What is needed
Pictures don't belong in the copy; print all the records exactly.

Material provided
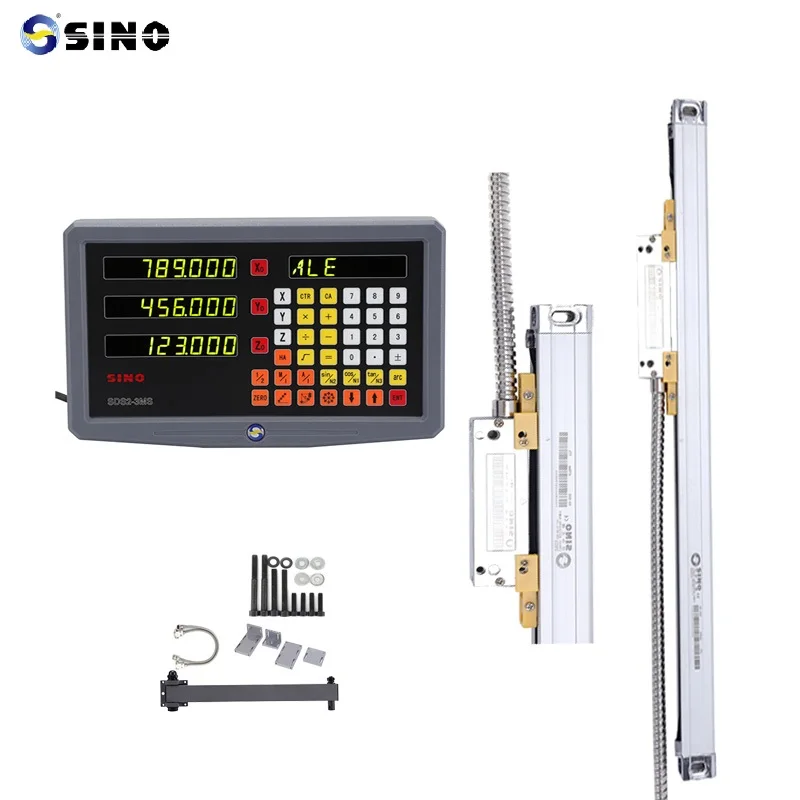 SINO SDS2-3MS Ditron Dro Digital Readout With Linear Glass Scale For Lathe/milling/boring Machine Measuring Tool IP64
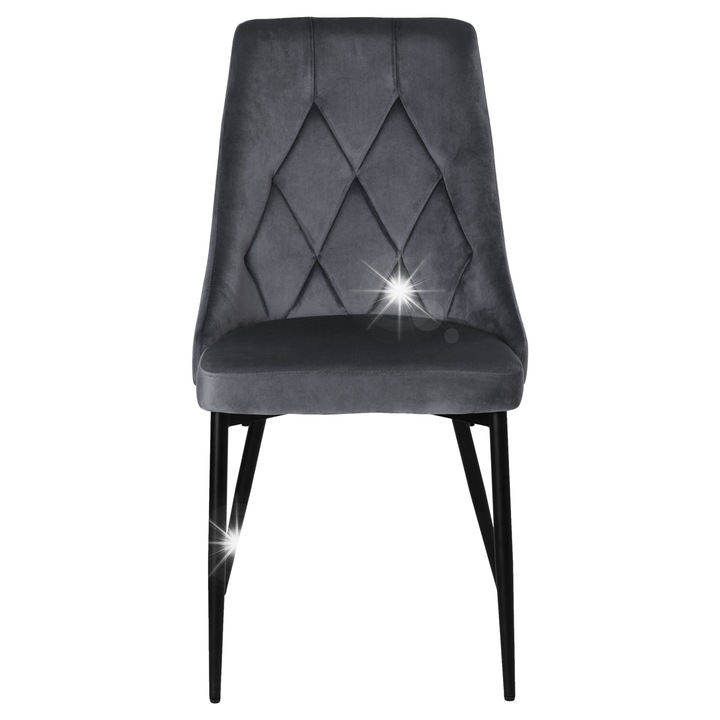 Тапициран стол eHokery Lincoln, графит, 92x49x55см, с регулируеми метални крака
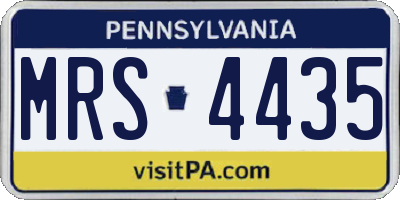 PA license plate MRS4435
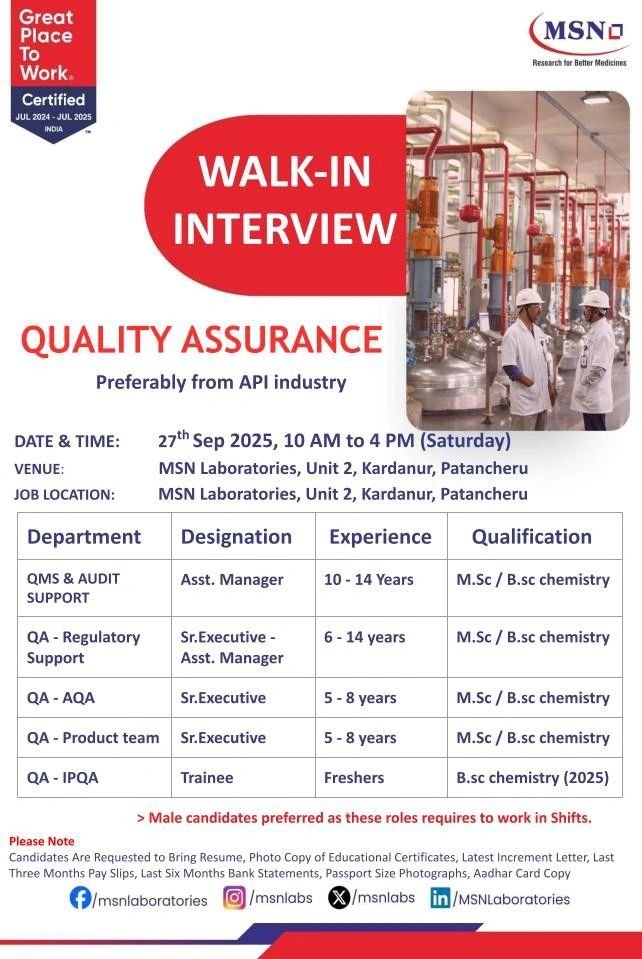 Bsc Msc Chemistry Jobs in MSN Laboratories 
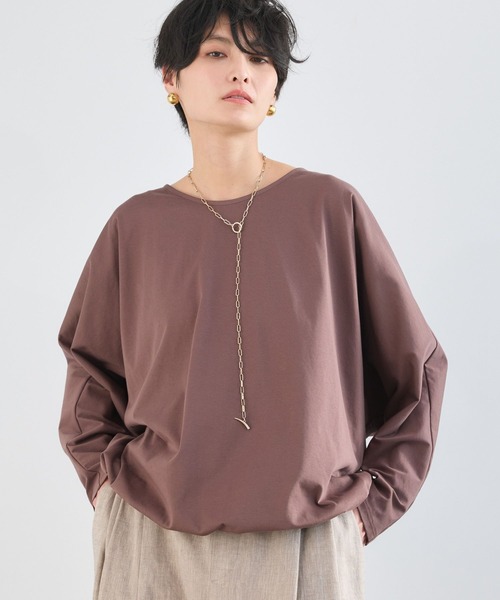 BARNYARDSTORM(バンヤードストーム)の「BARNYARDSTORM / バックツイストプルオーバー【接触冷感 / 吸水速乾】(Tシャツ/カットソー・レディース・ホワイト/イエロー/チャコールグレー/ブラウン・FREE)」の4枚目の写真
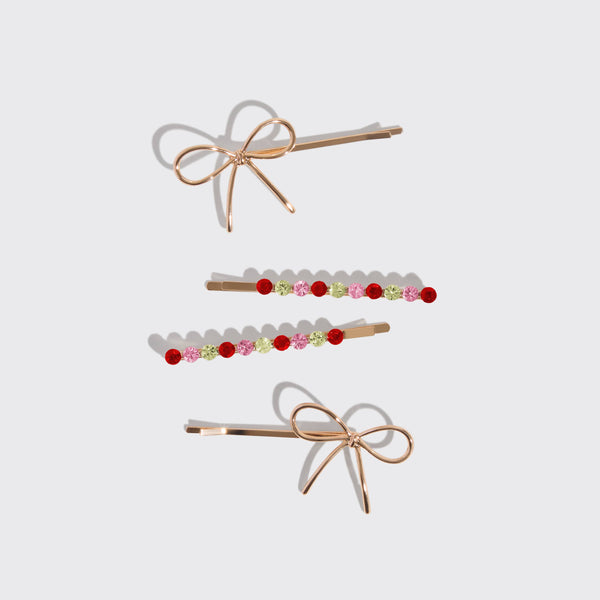 Holiday Gemstone and Bow Bobby Pins Set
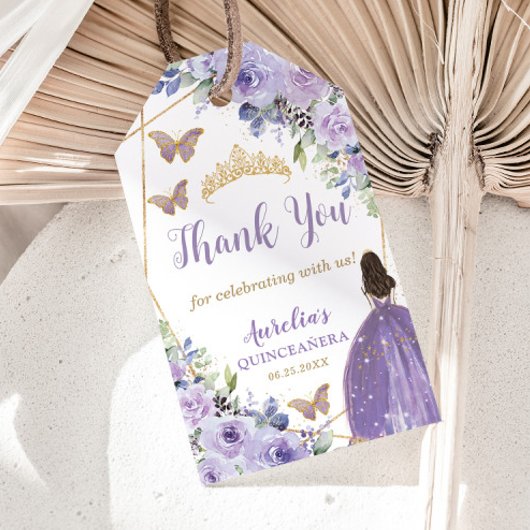 Paarse Lila prinses Butterfly Quinceañera Cadeaulabel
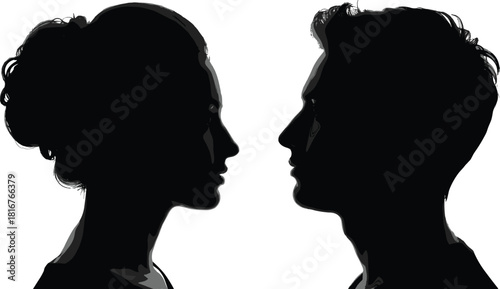Male and female silhouette profiles, side view portrait illustration, black and white face outlines, human profile artwork for creative design use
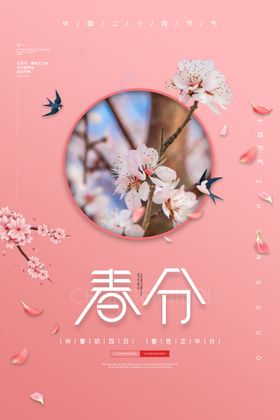 粉色唯美樱花春分宣传海报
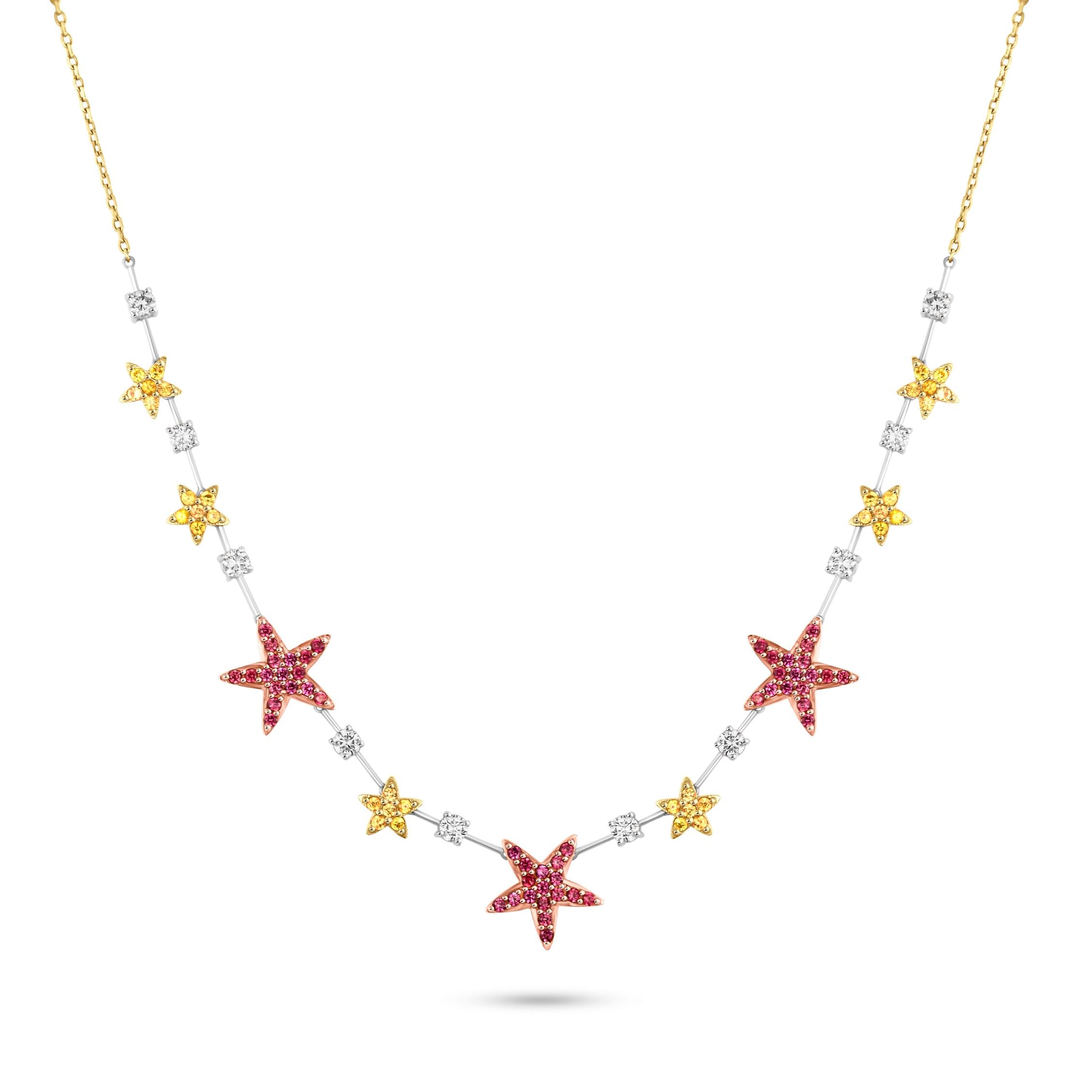 Star Necklace with Pink & Yellow Natural Sapphires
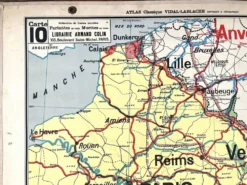 Ancienne carte scolaire Vidal-Lablache 10, T26, 1930 - Divisions militaires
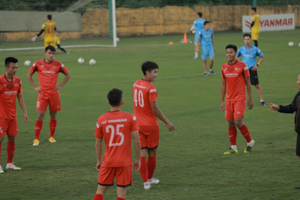 Nham Manh Dung of Vietel FC (No. 40) is one of 24 players has been called back for the last training camp of the U-22 national team. (Photo: thethao247.vn)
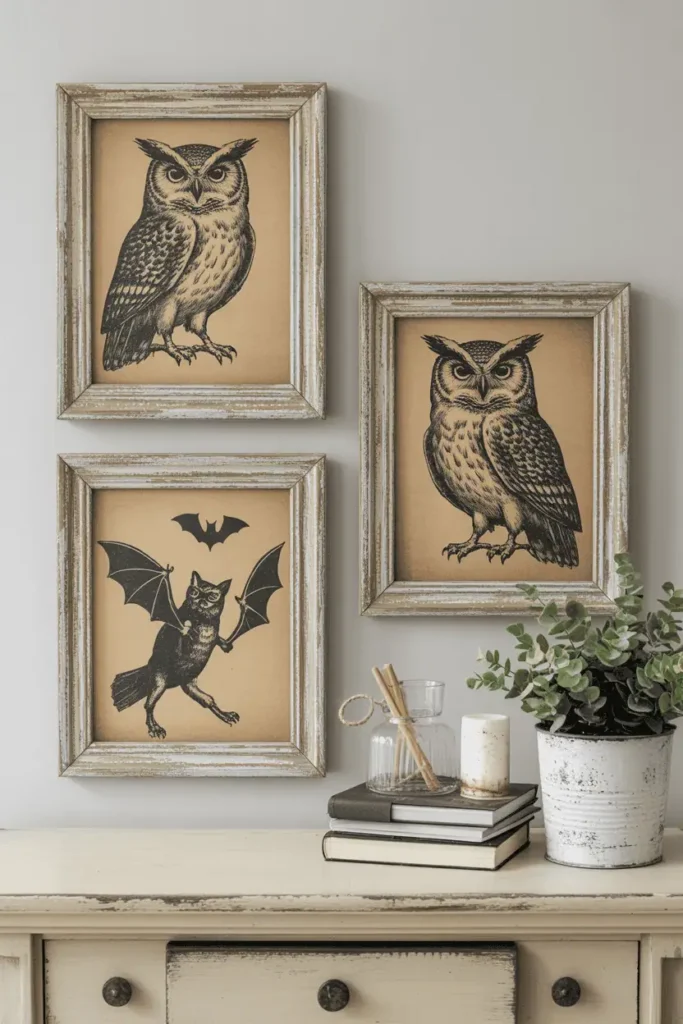 Farmhouse Halloween wall art in rustic wooden frames.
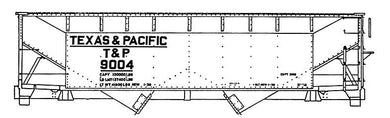 HO Decal T&P offset-side twin hopper - circa 1938-1960s #9001-9100 -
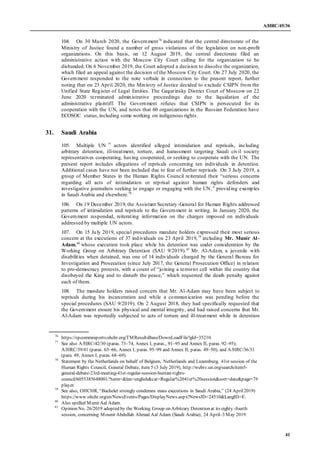 A/HRC/45/36
41
104. On 30 March 2020, the Government76
indicated that the central directorate of the
Ministry of Justice f...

Your response
 SINO SDS2-3MS Ditron Dro Digital Readout With Linear Glass Scale For Lathe/milling/boring Machine Measuring Tool IP64
 Тапициран стол eHokery Lincoln, графит, 92x49x55см, с регулируеми метални крака
 PA license plate MRS4435
 Bsc Msc Chemistry Jobs in MSN Laboratories 
 BARNYARDSTORM(バンヤードストーム)の「BARNYARDSTORM / バックツイストプルオーバー【接触冷感 / 吸水速乾】(Tシャツ/カットソー・レディース・ホワイト/イエロー/チャコールグレー/ブラウン・FREE)」の4枚目の写真
 Holiday Gemstone and Bow Bobby Pins Set
 Paarse Lila prinses Butterfly Quinceañera Cadeaulabel
Male and female silhouette profiles, side view portrait illustration, black and white face outlines, human profile artwork for creative design use
 粉色唯美樱花春分宣传海报
 Star Necklace with Pink & Yellow Natural Sapphires
 Ancienne carte scolaire Vidal-Lablache 10, T26, 1930 - Divisions militaires
 Nham Manh Dung of Vietel FC (No. 40) is one of 24 players has been called back for the last training camp of the U-22 national team. (Photo: thethao247.vn)
 Farmhouse Halloween wall art in rustic wooden frames.
 HO Decal T&P offset-side twin hopper - circa 1938-1960s #9001-9100 -
 A/HRC/45/36
41
104. On 30 March 2020, the Government76
indicated that the central directorate of the
Ministry of Justice f...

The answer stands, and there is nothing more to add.